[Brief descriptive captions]
·····

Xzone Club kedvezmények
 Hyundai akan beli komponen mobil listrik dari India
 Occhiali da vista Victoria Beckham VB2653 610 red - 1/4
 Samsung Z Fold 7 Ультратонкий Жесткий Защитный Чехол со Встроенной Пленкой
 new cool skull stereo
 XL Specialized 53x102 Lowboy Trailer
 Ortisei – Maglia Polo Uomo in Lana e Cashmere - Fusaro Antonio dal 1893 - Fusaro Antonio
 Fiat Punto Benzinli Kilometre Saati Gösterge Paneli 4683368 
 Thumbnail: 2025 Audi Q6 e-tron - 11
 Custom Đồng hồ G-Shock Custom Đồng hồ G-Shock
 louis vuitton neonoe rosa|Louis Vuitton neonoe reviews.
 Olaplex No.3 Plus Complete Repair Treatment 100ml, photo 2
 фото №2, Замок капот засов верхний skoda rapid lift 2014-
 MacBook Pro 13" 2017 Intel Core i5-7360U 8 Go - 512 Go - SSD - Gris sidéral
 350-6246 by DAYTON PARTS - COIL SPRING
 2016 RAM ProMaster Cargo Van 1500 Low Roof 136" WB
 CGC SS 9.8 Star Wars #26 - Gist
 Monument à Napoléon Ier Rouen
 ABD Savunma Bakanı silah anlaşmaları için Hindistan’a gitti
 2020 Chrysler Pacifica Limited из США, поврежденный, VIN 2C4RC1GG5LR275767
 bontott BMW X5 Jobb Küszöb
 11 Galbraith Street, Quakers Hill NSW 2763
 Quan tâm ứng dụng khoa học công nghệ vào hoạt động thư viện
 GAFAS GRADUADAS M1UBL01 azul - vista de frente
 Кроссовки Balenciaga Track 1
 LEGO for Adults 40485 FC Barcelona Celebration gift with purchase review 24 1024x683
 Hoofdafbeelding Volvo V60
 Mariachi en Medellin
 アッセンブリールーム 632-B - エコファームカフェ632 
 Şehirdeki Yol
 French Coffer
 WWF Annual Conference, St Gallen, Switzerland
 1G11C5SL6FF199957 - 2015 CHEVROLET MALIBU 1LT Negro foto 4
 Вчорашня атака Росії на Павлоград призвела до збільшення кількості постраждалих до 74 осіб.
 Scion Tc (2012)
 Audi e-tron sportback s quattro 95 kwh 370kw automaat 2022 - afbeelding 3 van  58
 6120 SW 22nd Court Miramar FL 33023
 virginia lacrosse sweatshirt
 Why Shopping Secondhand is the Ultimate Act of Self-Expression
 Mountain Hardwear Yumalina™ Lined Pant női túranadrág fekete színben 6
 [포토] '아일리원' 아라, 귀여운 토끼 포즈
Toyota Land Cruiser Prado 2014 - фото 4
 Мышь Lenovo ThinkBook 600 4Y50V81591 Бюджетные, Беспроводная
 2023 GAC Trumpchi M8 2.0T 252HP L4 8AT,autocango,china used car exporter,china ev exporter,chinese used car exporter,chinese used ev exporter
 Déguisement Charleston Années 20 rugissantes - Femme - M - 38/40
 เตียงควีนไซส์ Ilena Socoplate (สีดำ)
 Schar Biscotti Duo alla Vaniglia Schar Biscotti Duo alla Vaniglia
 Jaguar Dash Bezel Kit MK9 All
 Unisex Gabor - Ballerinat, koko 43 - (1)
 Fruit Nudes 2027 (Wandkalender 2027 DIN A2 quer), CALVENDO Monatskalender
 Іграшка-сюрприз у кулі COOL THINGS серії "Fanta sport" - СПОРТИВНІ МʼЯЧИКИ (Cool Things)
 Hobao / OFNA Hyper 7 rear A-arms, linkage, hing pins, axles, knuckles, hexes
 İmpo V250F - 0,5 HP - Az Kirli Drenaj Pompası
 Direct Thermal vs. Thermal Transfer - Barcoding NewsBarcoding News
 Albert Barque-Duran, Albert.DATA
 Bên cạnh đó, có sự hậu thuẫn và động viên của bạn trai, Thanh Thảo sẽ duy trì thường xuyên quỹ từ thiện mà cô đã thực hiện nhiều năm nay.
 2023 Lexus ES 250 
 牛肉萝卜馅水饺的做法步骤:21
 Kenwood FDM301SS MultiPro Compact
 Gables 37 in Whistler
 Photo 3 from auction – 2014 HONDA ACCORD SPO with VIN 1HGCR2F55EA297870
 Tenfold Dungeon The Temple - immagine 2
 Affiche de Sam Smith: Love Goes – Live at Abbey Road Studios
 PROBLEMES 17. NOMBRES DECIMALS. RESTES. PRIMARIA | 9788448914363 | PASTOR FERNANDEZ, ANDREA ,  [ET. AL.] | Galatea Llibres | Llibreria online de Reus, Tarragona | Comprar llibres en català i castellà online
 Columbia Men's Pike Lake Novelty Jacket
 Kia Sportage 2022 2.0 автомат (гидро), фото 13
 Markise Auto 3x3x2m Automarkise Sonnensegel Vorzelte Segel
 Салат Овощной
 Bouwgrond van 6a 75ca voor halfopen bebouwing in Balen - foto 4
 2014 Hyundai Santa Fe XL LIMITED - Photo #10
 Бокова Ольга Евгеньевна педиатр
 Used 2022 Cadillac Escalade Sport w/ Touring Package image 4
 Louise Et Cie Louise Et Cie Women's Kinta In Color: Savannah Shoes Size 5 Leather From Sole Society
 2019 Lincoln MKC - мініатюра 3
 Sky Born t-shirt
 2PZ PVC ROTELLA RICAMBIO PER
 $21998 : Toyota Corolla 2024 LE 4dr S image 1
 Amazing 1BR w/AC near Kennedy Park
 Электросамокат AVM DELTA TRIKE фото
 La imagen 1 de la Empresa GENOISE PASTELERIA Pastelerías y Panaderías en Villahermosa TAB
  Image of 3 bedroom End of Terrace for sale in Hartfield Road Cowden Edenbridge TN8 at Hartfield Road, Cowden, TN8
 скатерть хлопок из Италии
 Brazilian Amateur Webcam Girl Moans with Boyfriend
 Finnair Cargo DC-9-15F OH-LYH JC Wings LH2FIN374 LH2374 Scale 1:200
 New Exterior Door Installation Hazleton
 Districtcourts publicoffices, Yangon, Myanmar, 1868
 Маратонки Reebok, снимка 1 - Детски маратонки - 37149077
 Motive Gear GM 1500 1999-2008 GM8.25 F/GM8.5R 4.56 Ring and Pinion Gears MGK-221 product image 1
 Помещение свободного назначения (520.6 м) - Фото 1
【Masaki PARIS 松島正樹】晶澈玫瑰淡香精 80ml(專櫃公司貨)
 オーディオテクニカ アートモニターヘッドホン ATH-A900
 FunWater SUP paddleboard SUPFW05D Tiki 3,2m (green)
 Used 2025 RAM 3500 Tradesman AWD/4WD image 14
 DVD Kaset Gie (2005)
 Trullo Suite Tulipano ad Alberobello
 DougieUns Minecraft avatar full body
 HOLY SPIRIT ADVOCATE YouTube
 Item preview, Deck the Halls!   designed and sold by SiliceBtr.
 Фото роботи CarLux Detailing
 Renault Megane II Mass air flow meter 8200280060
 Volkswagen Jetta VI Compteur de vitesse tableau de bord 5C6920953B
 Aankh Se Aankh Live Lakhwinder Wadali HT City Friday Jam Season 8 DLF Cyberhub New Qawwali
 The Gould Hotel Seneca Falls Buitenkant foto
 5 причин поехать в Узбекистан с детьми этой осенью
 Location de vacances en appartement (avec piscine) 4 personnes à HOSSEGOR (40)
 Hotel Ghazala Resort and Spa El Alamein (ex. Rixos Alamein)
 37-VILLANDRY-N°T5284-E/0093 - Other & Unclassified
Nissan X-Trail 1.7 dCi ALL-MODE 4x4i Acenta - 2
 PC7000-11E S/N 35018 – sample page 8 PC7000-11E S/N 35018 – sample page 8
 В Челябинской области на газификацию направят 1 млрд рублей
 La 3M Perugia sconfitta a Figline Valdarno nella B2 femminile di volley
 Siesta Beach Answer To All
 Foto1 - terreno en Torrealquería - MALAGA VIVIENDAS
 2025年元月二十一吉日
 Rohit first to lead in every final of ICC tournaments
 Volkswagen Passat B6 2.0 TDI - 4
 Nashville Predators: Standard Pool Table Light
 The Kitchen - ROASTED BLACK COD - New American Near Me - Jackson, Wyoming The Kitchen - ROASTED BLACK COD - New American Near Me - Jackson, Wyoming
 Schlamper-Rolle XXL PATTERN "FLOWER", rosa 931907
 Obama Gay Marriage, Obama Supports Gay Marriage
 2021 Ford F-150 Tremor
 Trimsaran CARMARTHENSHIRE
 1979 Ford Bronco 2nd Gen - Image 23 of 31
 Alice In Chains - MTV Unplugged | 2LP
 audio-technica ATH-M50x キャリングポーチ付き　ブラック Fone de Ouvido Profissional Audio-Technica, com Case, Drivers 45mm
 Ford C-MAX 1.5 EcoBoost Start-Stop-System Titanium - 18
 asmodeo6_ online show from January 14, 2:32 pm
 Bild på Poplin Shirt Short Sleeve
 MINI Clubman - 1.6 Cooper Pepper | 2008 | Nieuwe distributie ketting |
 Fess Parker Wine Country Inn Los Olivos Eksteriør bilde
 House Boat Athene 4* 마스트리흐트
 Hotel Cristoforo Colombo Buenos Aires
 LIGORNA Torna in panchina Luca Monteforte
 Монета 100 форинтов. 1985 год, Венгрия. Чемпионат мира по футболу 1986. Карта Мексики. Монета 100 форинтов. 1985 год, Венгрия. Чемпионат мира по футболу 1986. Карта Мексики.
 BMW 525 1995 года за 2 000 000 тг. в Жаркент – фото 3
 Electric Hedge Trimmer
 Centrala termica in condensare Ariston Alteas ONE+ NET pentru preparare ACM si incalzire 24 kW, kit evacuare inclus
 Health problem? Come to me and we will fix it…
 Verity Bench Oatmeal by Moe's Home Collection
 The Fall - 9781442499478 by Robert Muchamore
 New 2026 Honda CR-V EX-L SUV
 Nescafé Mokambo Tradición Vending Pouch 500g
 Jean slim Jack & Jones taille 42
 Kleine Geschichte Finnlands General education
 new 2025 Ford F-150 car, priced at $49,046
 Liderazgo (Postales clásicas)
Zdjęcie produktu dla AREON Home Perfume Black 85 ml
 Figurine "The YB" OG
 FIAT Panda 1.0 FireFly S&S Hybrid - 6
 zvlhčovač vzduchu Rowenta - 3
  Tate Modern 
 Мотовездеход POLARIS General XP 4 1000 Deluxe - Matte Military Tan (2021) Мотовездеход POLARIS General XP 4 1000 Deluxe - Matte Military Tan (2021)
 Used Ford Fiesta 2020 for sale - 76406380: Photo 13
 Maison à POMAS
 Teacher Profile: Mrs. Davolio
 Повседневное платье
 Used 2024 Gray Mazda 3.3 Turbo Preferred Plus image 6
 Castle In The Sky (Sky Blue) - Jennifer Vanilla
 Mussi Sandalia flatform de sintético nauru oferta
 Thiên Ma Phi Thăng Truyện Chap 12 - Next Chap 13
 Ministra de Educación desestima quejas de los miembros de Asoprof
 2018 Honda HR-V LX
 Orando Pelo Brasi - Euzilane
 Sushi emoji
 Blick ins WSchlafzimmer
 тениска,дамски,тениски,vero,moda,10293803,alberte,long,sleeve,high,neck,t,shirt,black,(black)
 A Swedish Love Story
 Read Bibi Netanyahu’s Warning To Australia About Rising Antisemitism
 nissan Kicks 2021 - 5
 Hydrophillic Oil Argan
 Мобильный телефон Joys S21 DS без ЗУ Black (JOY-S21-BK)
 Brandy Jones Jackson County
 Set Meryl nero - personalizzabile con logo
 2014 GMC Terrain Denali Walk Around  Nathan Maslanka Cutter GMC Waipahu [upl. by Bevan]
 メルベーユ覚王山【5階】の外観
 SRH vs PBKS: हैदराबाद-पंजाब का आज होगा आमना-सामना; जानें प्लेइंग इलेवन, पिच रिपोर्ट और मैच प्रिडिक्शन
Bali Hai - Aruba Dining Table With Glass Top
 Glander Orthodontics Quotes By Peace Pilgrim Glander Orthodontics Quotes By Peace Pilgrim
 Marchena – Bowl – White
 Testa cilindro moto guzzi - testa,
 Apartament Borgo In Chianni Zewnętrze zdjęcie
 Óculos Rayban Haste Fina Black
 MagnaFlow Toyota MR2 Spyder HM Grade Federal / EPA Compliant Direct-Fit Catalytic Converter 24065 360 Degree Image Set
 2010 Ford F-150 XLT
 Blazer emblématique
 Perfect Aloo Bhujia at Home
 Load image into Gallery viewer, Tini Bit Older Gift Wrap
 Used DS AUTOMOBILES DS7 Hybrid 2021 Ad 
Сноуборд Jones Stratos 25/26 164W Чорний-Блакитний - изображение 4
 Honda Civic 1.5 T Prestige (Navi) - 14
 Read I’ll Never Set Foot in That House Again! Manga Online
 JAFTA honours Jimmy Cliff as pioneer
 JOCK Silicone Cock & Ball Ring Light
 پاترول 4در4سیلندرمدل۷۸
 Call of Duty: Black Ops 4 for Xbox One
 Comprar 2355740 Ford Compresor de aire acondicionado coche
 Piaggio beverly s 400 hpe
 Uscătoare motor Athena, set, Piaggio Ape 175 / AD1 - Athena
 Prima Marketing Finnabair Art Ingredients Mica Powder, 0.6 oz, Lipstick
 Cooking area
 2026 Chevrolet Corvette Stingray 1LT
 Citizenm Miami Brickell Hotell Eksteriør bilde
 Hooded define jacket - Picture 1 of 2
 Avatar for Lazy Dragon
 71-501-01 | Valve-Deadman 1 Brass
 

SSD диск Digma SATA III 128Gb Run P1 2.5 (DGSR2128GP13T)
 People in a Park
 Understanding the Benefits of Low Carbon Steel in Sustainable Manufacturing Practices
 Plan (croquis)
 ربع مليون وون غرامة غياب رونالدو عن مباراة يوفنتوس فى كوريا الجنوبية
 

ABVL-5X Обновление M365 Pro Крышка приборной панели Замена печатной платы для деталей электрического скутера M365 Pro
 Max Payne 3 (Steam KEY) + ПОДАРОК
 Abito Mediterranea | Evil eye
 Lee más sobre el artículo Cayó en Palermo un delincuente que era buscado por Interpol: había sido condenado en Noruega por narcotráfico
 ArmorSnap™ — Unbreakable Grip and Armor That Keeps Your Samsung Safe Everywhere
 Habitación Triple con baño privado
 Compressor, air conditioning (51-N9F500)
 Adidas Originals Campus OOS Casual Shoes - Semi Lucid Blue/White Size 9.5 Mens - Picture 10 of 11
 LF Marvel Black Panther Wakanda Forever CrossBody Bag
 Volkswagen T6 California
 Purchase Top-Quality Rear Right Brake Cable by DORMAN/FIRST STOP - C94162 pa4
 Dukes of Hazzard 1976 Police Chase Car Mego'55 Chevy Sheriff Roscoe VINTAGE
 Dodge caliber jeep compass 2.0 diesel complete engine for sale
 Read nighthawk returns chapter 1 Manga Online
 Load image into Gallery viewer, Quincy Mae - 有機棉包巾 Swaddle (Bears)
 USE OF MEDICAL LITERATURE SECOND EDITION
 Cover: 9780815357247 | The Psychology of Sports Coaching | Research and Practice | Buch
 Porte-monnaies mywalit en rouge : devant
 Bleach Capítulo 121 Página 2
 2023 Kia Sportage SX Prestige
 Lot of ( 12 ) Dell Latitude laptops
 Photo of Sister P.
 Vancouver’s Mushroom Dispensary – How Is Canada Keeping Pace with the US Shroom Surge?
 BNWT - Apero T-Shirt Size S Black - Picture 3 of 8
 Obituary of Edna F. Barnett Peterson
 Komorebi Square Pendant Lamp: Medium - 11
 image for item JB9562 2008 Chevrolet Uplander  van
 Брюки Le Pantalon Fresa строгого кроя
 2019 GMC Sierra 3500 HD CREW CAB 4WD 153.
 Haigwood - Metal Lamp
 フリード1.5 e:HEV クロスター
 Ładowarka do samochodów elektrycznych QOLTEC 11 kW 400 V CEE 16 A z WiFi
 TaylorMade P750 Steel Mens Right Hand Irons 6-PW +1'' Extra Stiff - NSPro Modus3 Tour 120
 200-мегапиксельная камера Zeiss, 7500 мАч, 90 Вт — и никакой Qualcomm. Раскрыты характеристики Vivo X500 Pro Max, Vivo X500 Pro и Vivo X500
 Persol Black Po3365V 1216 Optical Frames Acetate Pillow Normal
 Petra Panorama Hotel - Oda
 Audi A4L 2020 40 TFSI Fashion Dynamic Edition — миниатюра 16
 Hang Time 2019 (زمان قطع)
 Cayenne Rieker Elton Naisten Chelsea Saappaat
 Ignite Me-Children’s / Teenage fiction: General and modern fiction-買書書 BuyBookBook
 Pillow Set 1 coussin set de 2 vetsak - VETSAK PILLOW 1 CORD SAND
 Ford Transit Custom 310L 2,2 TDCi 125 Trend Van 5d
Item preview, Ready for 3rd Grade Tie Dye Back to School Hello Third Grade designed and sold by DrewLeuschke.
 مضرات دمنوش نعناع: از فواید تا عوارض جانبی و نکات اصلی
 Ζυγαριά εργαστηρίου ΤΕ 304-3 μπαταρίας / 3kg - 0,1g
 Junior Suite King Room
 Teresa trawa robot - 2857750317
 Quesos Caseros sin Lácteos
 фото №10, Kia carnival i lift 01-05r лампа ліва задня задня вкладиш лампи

·····

:: Work to be completed ::
Only the lines from the beginning of the data above through the line containing "Ortisei – Maglia" should be repeated, exactly as they appear.

:: Result of this exercise ::
Xzone Club kedvezmények
 Hyundai akan beli komponen mobil listrik dari India
 Occhiali da vista Victoria Beckham VB2653 610 red - 1/4
 Samsung Z Fold 7 Ультратонкий Жесткий Защитный Чехол со Встроенной Пленкой
 new cool skull stereo
 XL Specialized 53x102 Lowboy Trailer
 Ortisei – Maglia Polo Uomo in Lana e Cashmere - Fusaro Antonio dal 1893 - Fusaro Antonio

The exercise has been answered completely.